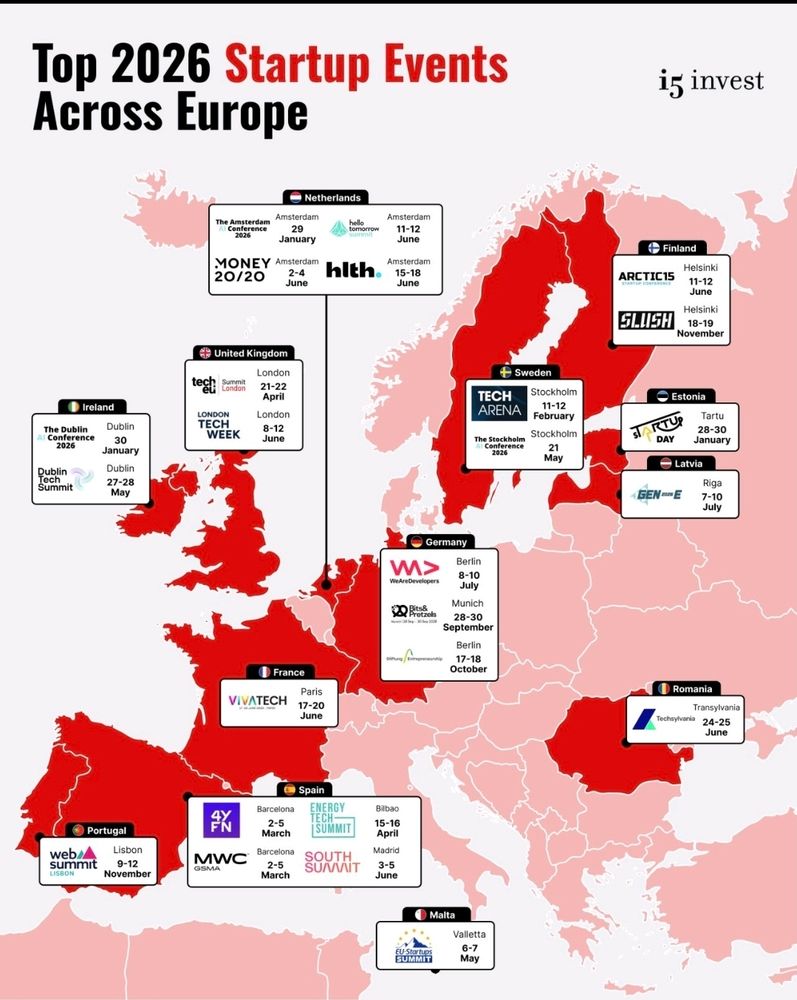 Top 2026 Startup Events Across Europe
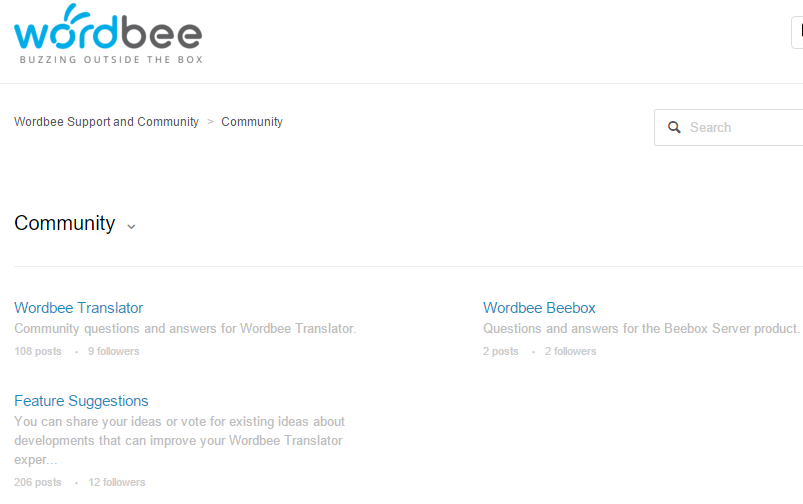 The Wordbee User Community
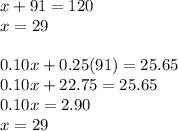 x+91=120\\x=29\\\\0.10x+0.25(91)=25.65\\0.10x+22.75=25.65\\0.10x=2.90\\x=29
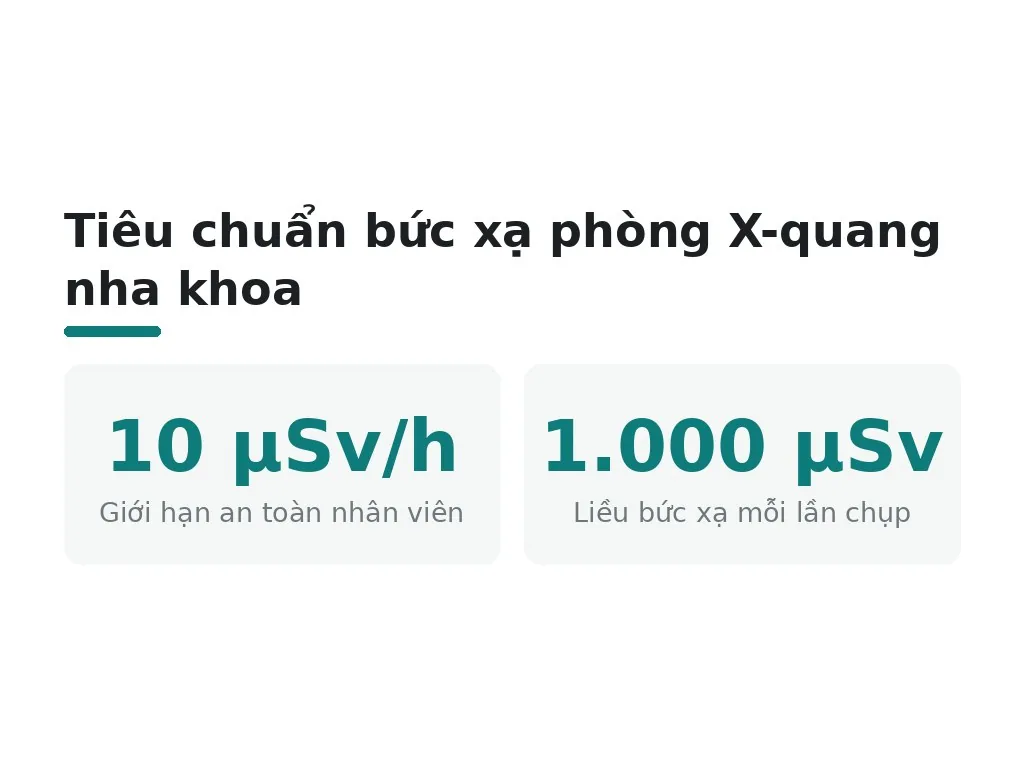 Các tiêu chuẩn an toàn bức xạ cụ thể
++++++++++++++++++++
### [Exercise requirements]
Where the data includes pictures, leave them out and write out everything else exactly.

### [Response area]
 Top 2026 Startup Events Across Europe
 The Wordbee User Community
 x+91=120\\x=29\\\\0.10x+0.25(91)=25.65\\0.10x+22.75=25.65\\0.10x=2.90\\x=29
 Các tiêu chuẩn an toàn bức xạ cụ thể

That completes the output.